As more millennials get tattoos, employers should reconsider their policies on body art.

Alia Jeraj

I first stepped into a tattoo and piercing parlor at age 16. My mom accompanied me, as did a mix of apprehension and excitement about the needle that would be making a small hole in my left nostril. Since that day, I have become familiar with the shop, adding more holes to my face and some splashes of black and green ink to my skin. 
 
I chose the inner edge of my right foot for my first permanent piece of body art. My mother was “mildly horrified,” 

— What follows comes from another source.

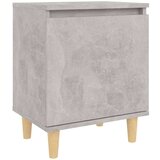 vidaXL noćni ormarić s drvenim nogama siva boja betona 40 x 30 x 50 cm | shoptok.hr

as she recalls. Her primary objection: “That’s going to be difficult to cover up at work.” 
 
It was my 18th birthday, and I was accepting nothing but positive vibes on that day. However, as I look forward to graduating, the idea of what’s accepted as “professional” is difficult to escape. 
 
I, however, am not alone. About 40 percent of millennials sport tattoos. With this influx of tattooed, career-ready people, employers must begin to take a different approach to body art. 
 
Though attitudes toward tattoos are shifting, there are still multitudes of companies that uphold the “no visible tattoos” policy, from retail shops to school districts and government agencies. 
 
Tattooing is an ancient practice that demonstrates passion and commitment with more fervor than many marriage vows. Employers must open both their minds and their job listings to tattoos — or else limit themselves to an applicant pool 60 percent the size of its potential.